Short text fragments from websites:
* * *

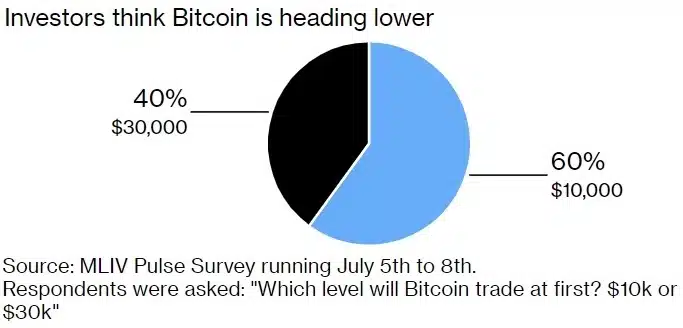 Siam Bitcoin 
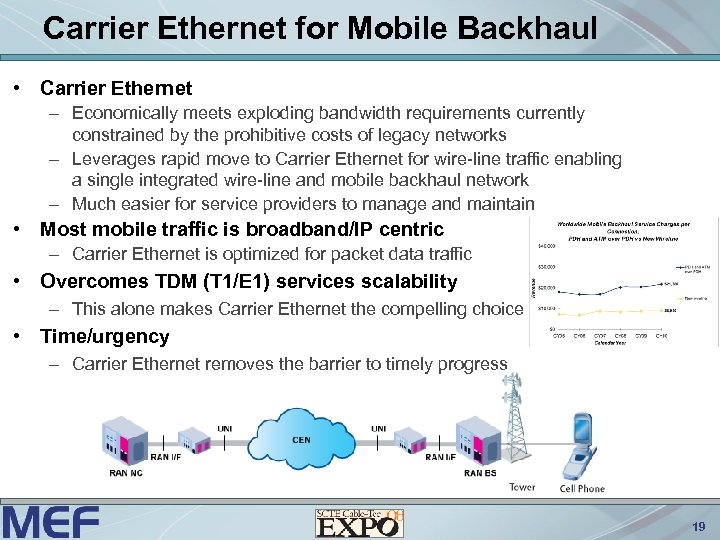 Carrier Ethernet for Mobile Backhaul • Carrier Ethernet – Economically meets exploding bandwidth requirements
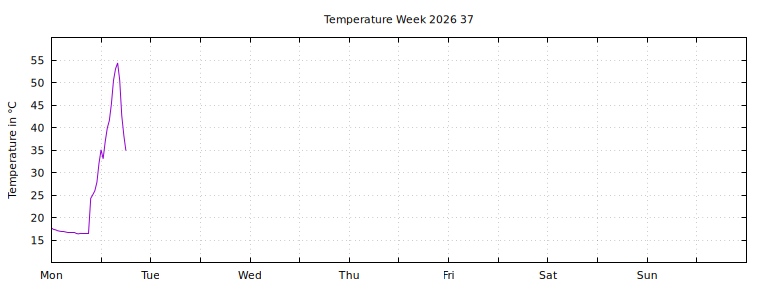 [Temperature this week graph]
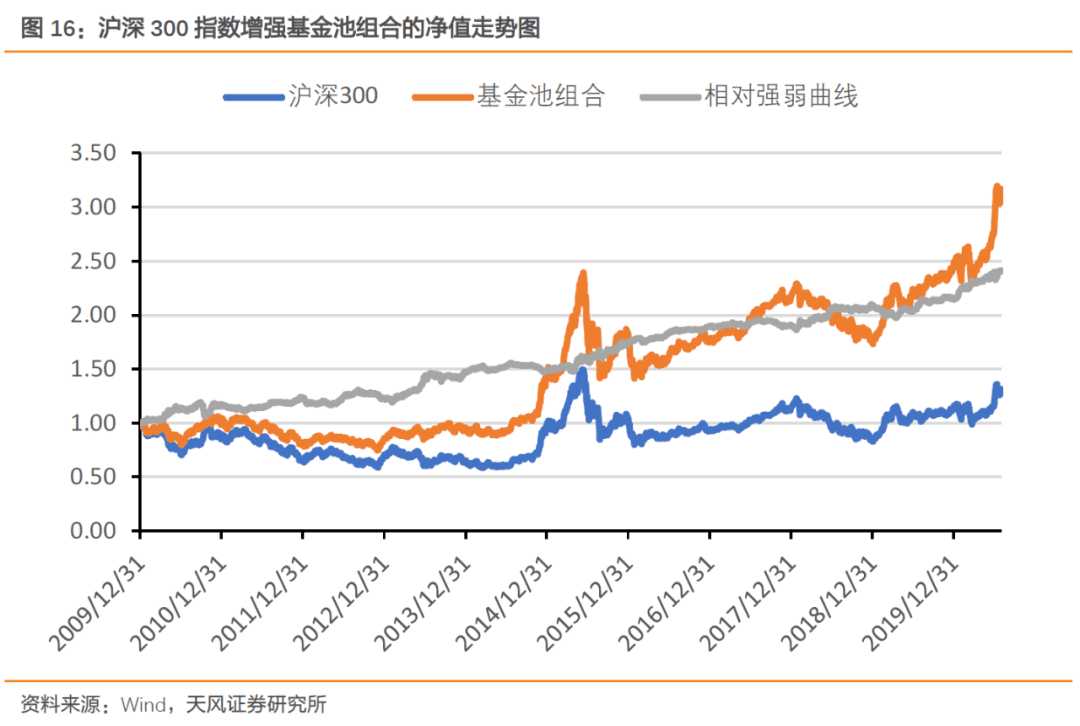 上交所实施的中证波动率指数是芝加哥证券交易所的VIX吗？有区别吗？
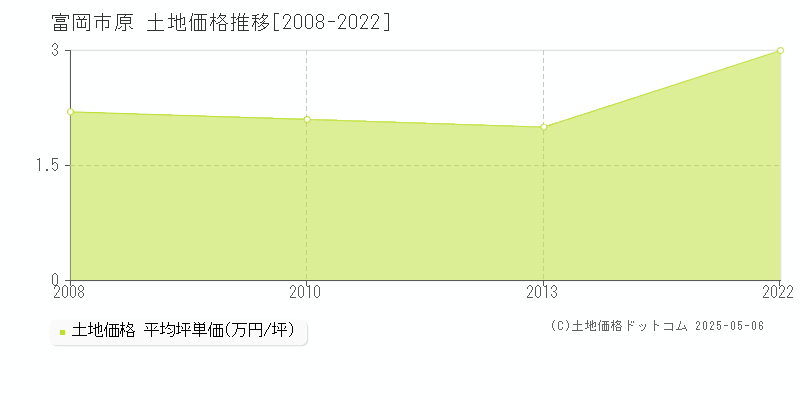 原(富岡市)の土地価格推移グラフ(坪単価)[2008-2022年]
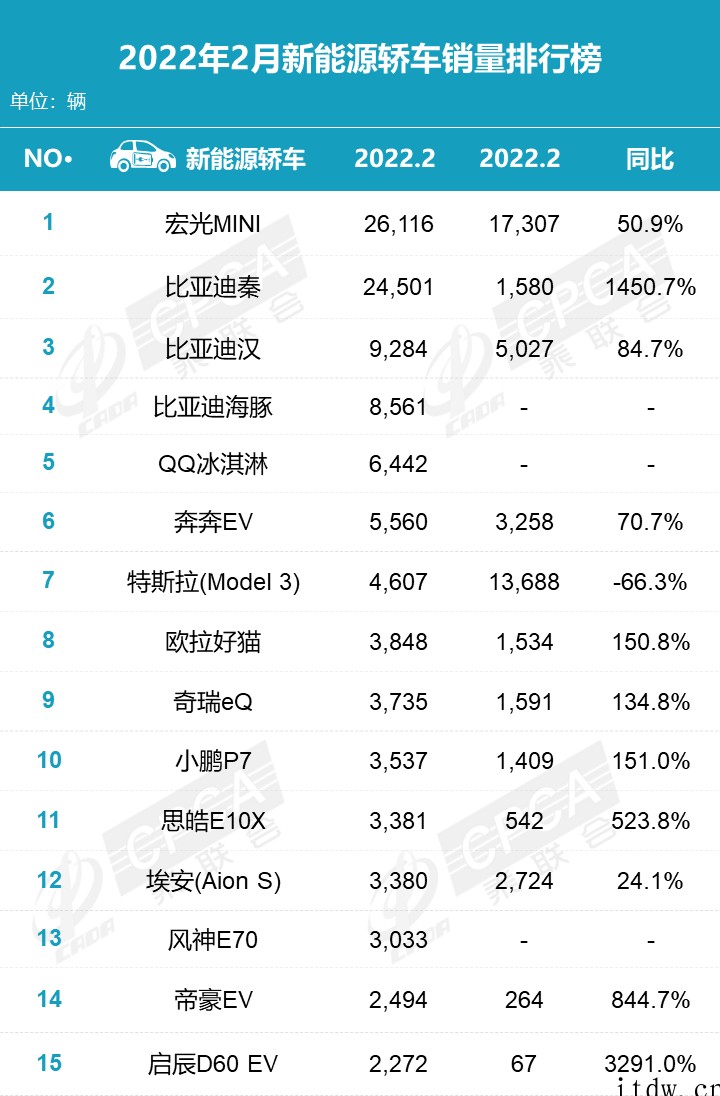 乘联会 2 月新能源车销量榜:宏光 MINI 依然第一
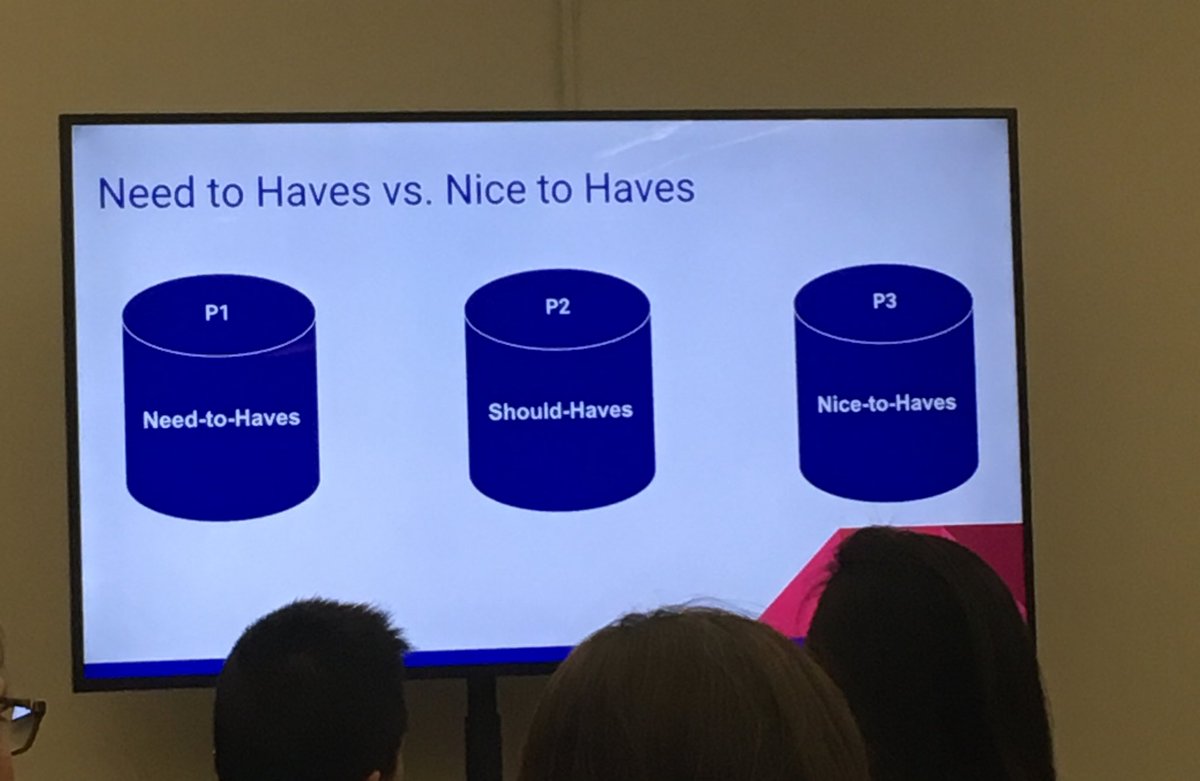WomenWhoCodeNYC's tweet photo. Your nice to haves might have a lot more things than the other two buckets but that's normal! It's important to prioritize - @JMacalaster 
@defmethodinc https://t.co/OwBhFZGsUj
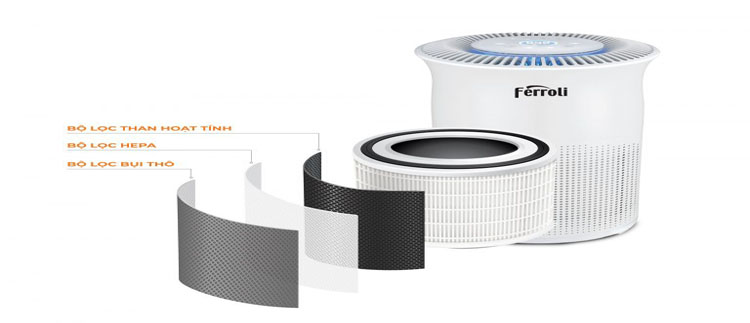 lõi lọc không khí ferroli 360 độ lõi lọc không khí ferroli 360 độ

* * *

Your task — The data is to be printed again exactly, but without its pictures.

Reply to the exercise —
 Siam Bitcoin 
 Carrier Ethernet for Mobile Backhaul • Carrier Ethernet – Economically meets exploding bandwidth requirements
 [Temperature this week graph]
 上交所实施的中证波动率指数是芝加哥证券交易所的VIX吗？有区别吗？
 原(富岡市)の土地価格推移グラフ(坪単価)[2008-2022年]
 乘联会 2 月新能源车销量榜:宏光 MINI 依然第一
WomenWhoCodeNYC's tweet photo. Your nice to haves might have a lot more things than the other two buckets but that's normal! It's important to prioritize - @JMacalaster 
@defmethodinc https://t.co/OwBhFZGsUj
 lõi lọc không khí ferroli 360 độ lõi lọc không khí ferroli 360 độ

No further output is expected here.